Cassidy Tangaere tells Ana Tapiata that there are ominous signs for the future of the Maori language.
The final LP release from British rock and roll band, the Faces.
3:12 Virtual World
Site of the Week: passthesource.org.nz/tag/paul-reynolds
3.33 Auckland story
Lisa Thompson talks to Bob Kerridge, whom many will know as the former executive director of the SPCA. However, animals are not his only passion. Mr Kerridge is also leading a fight to have the doors to the St James Theatre in downtown Auckland re-opened.
3:47 Science story
Its publishers describe it as 'the largest and most comprehensive zoological book ever published in New Zealand'.
And when the second of two volumes hits the book shops in 2012, we will finally have a guide to any - and every - animal without a backbone that we might find at the beach or on the coast. That's nearly 1500 creatures.
Volume one of New Zealand's Coastal Marine Invertebrates has just come out, and Alison Ballance is heading to the beach to put it through its paces.
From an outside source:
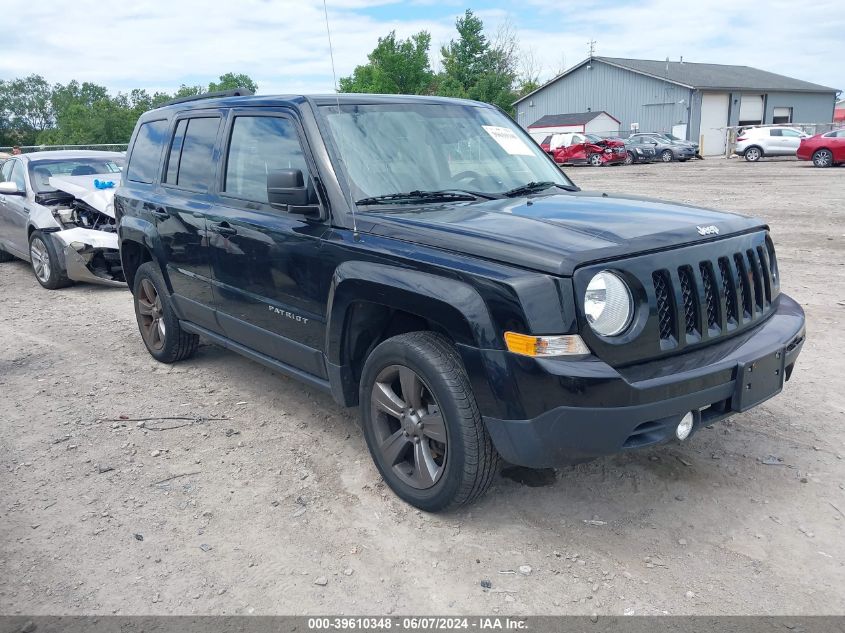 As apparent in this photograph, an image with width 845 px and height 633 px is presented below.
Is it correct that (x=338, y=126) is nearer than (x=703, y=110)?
Yes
To help her out she's taking along her 10-year-old niece Claire, and Nelsonian Sue Hallas, who helped produce the book.
4:06 The Panel
Amanda Millar and David Farrar. Trouble in Korea - how serious might this get, and did the North Koreans sink the corvette? Will the Three Strikes law work? What's so funny about red-headed people and is this hug a Ginga day bigotry, actually? Do you have lucky numbers, and unlucky ones? We bring you the story of the cellphone number you wouldn't want.